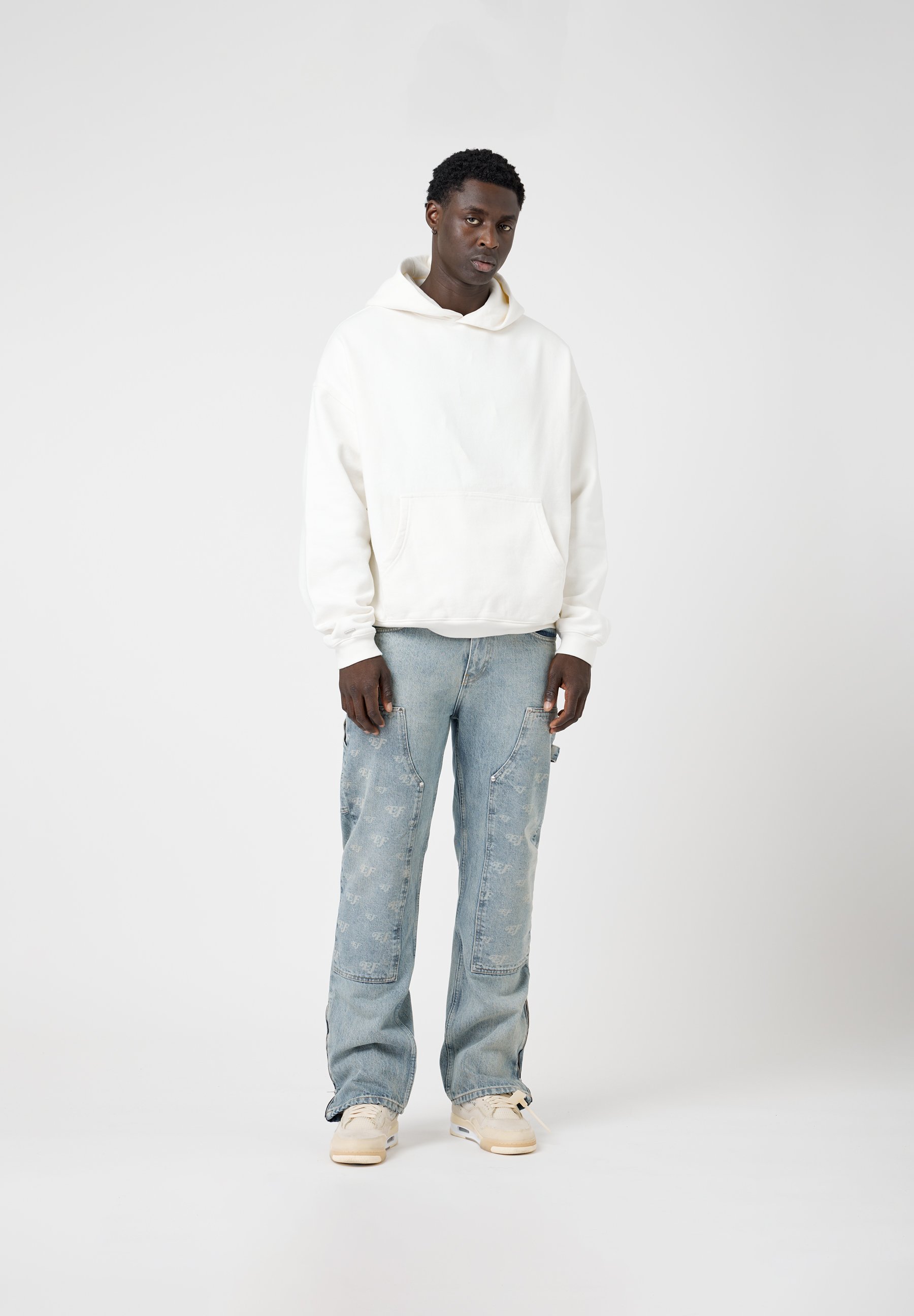 LASERED CARPENTER JEANS - Relaxed fit jeans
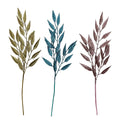 Small Metallic Leaves Pick - Country Silk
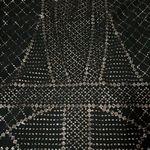 Bold Elements Chic Black and Silver Studded Blouse Photo 2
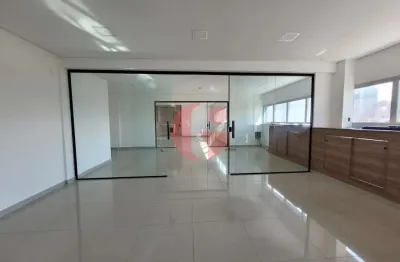 Sala corporativa para locação com 130 m² e 04 banheiros- no bairro jardim aquarius.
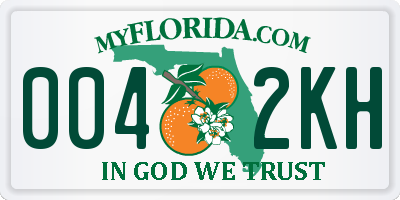 FL license plate 0042KH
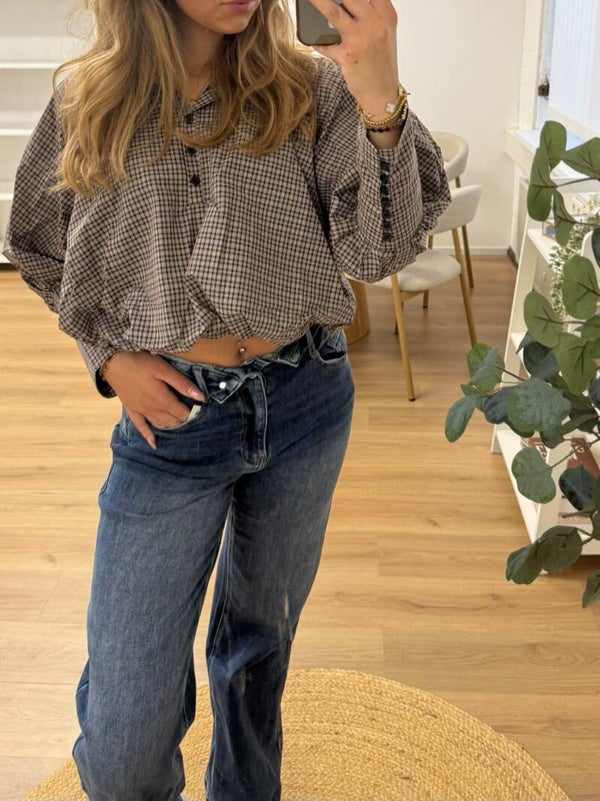 Unique waist jeans Laulia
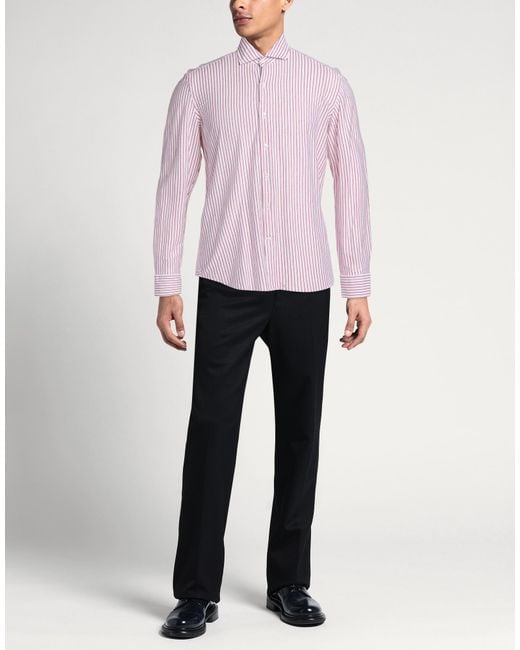 Camicia di Sonrisa in Pink da Uomo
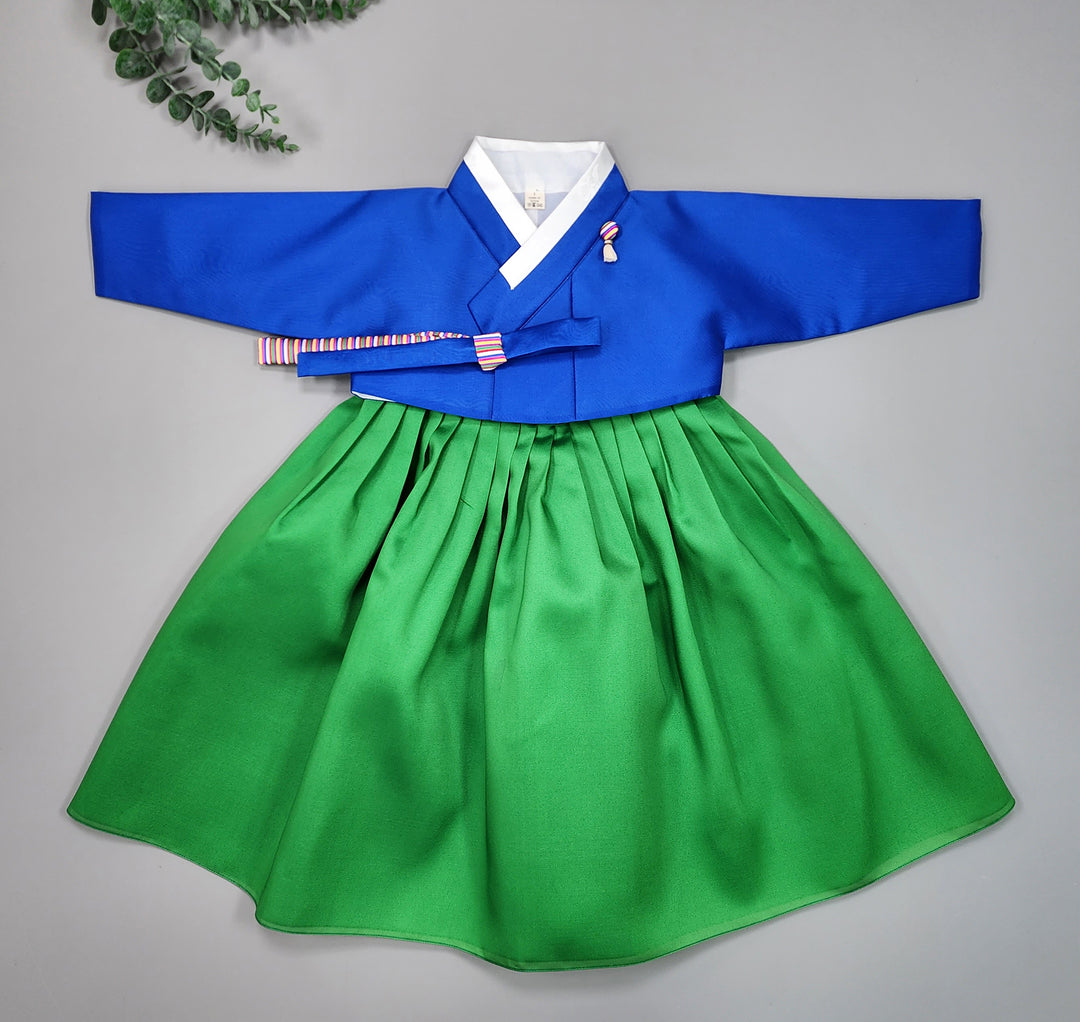 Hanbok Girl Baby Korea Traditional Clothing Set First Birthday Celebration Party Celebration 1–8 Vivid Color OSG328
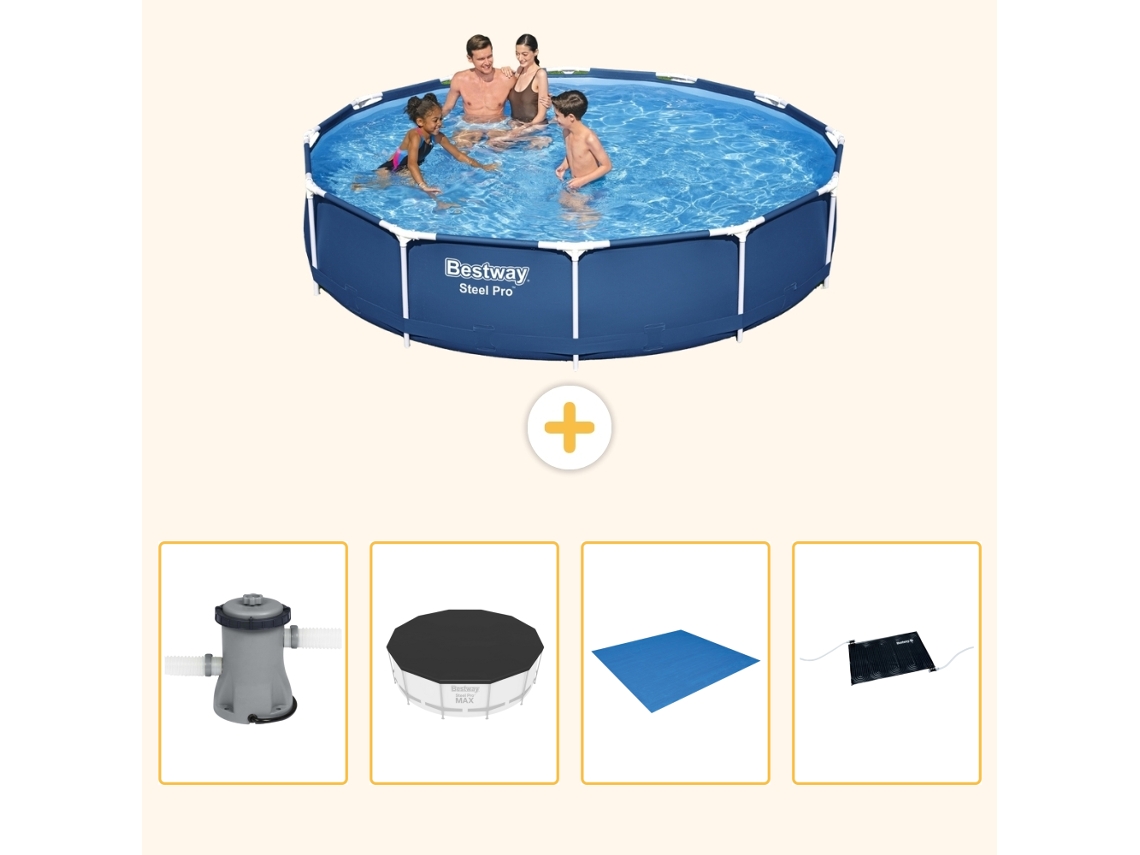 Bestway Piscina Bestway Steel Pro Redonda - 366x76 Cm - 5-peças S214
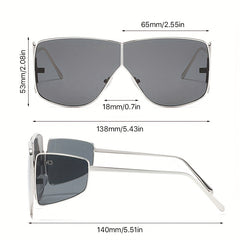 Steampunk Big Frame Four Lenses Sunglasses For Men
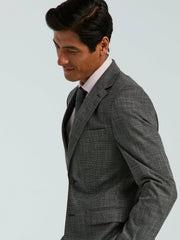 Skinny Fit Houndstooth Suit Jacket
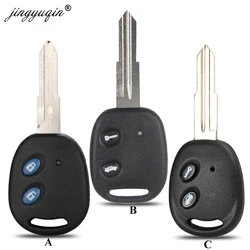 jingyuqin for Chevrolet LOVA Sail Epica Lechi Spark Remote Key 2 Buttons Uncut Brass Blade Blank Key Shell Replacement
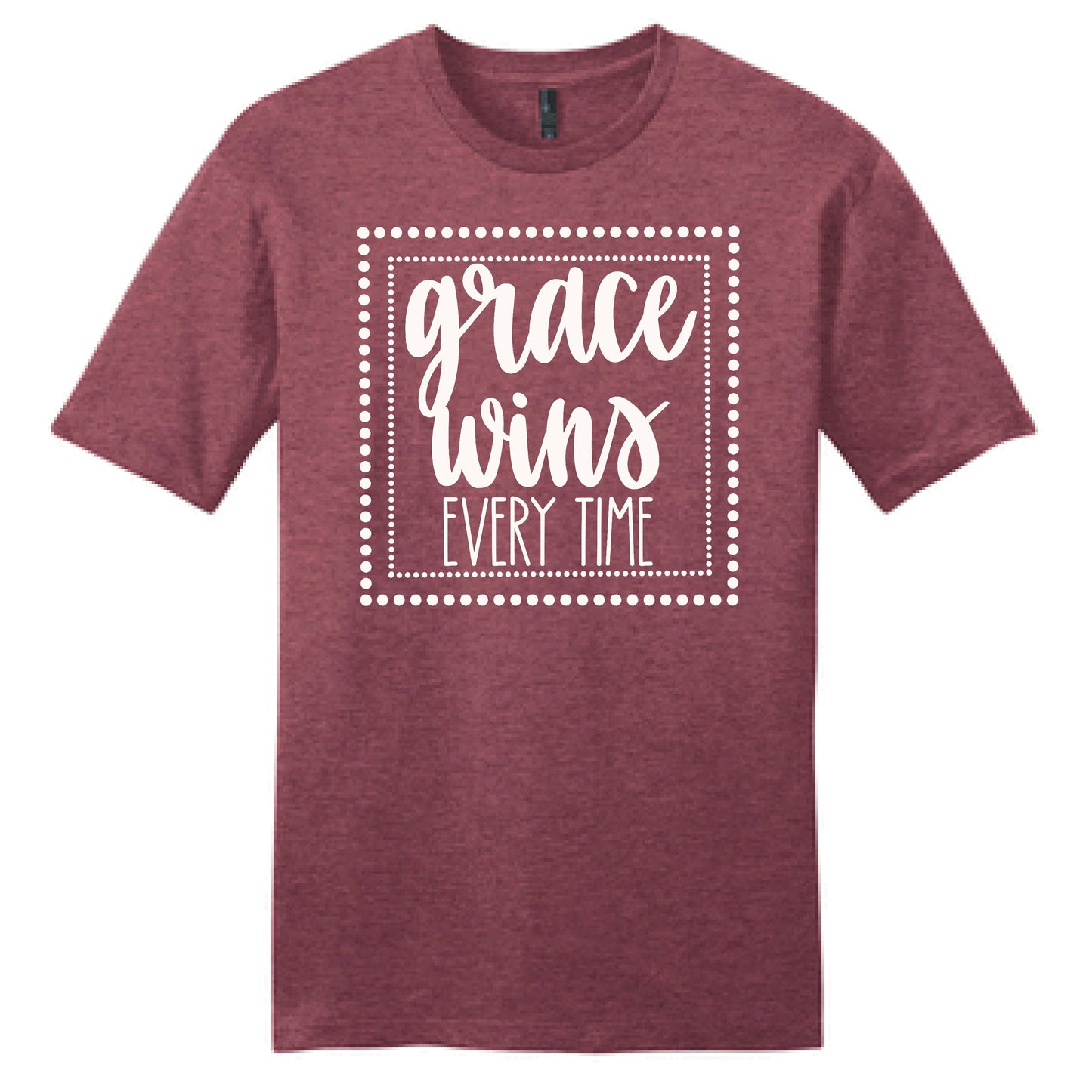 Grace Wins Every Time Christian Faith Short Sleeve Shirt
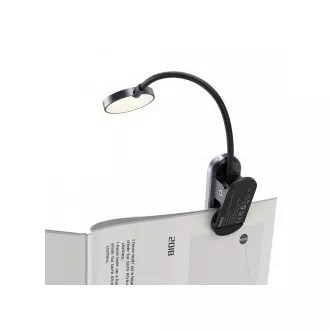 Baseus LED olvasólámpa klipszel, szürke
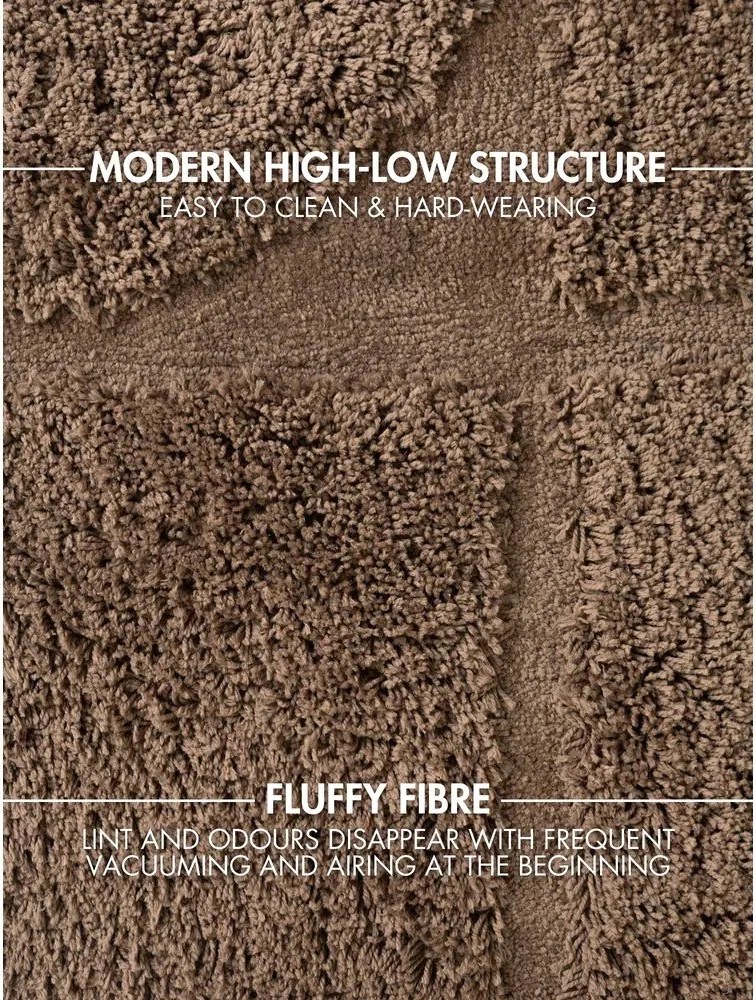 Barna kézi szövésű kerek szőnyeg ø 200 cm Lambeth Jasper – Ted Baker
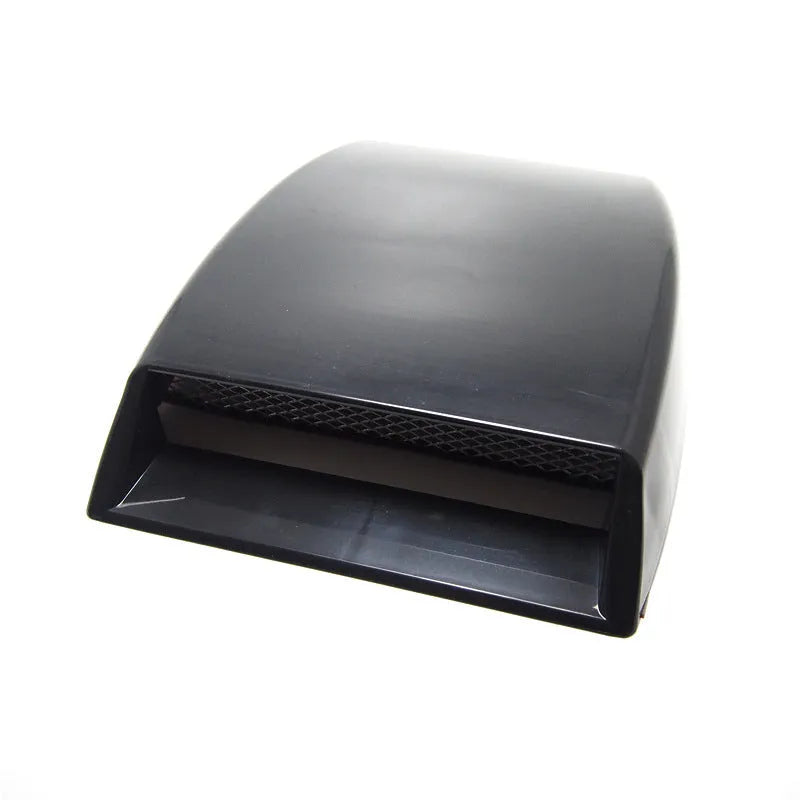 Car dashboard decorative air vent accessory in ABS plastic showing black, white, and silver colour options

####

What to work on: In the data above, retype only the stretch from the line with "jingyuqin for Chevrolet" through the line with "Barna kézi szövésű", word for word, and skip any pictures.

Written answer:
 jingyuqin for Chevrolet LOVA Sail Epica Lechi Spark Remote Key 2 Buttons Uncut Brass Blade Blank Key Shell Replacement
 Grace Wins Every Time Christian Faith Short Sleeve Shirt
 Baseus LED olvasólámpa klipszel, szürke
 Barna kézi szövésű kerek szőnyeg ø 200 cm Lambeth Jasper – Ted Baker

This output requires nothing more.